◆ TASK INSTRUCTIONS ◆
Wherever the line with "Укороченная свободная футболка" sits in the listing below, transcribe from it up to and including the line with "Catena luminosa per", exactly, and leave the remaining lines out.
BEGIN DATA
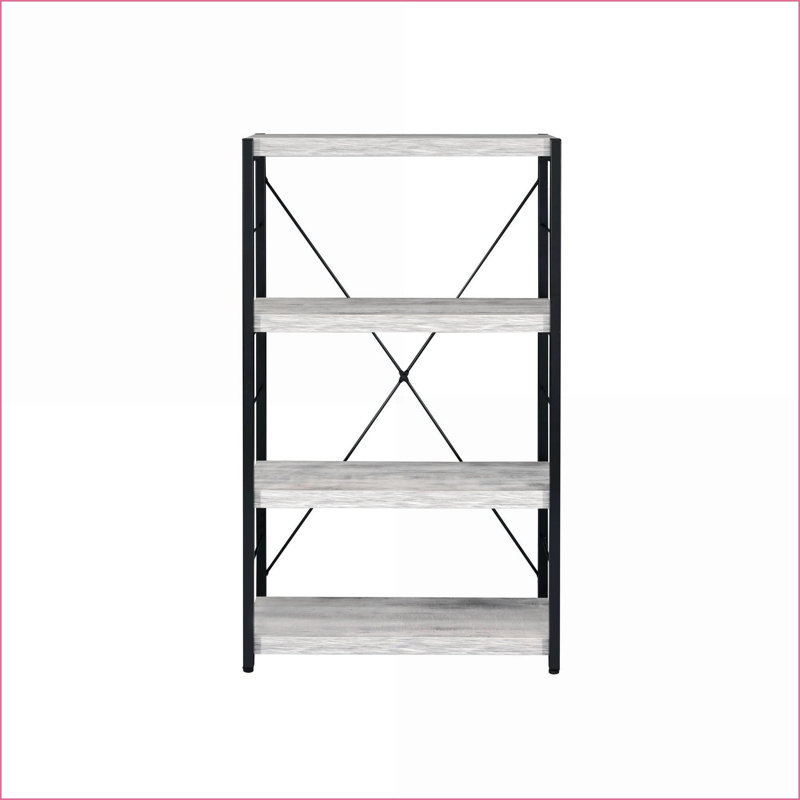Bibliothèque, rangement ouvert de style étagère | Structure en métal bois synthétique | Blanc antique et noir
END DATA
BEGIN DATA
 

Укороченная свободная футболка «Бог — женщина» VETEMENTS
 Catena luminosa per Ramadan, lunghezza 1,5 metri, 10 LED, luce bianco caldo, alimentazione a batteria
END DATA
◆ RESPONSE ◆
Укороченная свободная футболка «Бог — женщина» VETEMENTS
 Catena luminosa per Ramadan, lunghezza 1,5 metri, 10 LED, luce bianco caldo, alimentazione a batteria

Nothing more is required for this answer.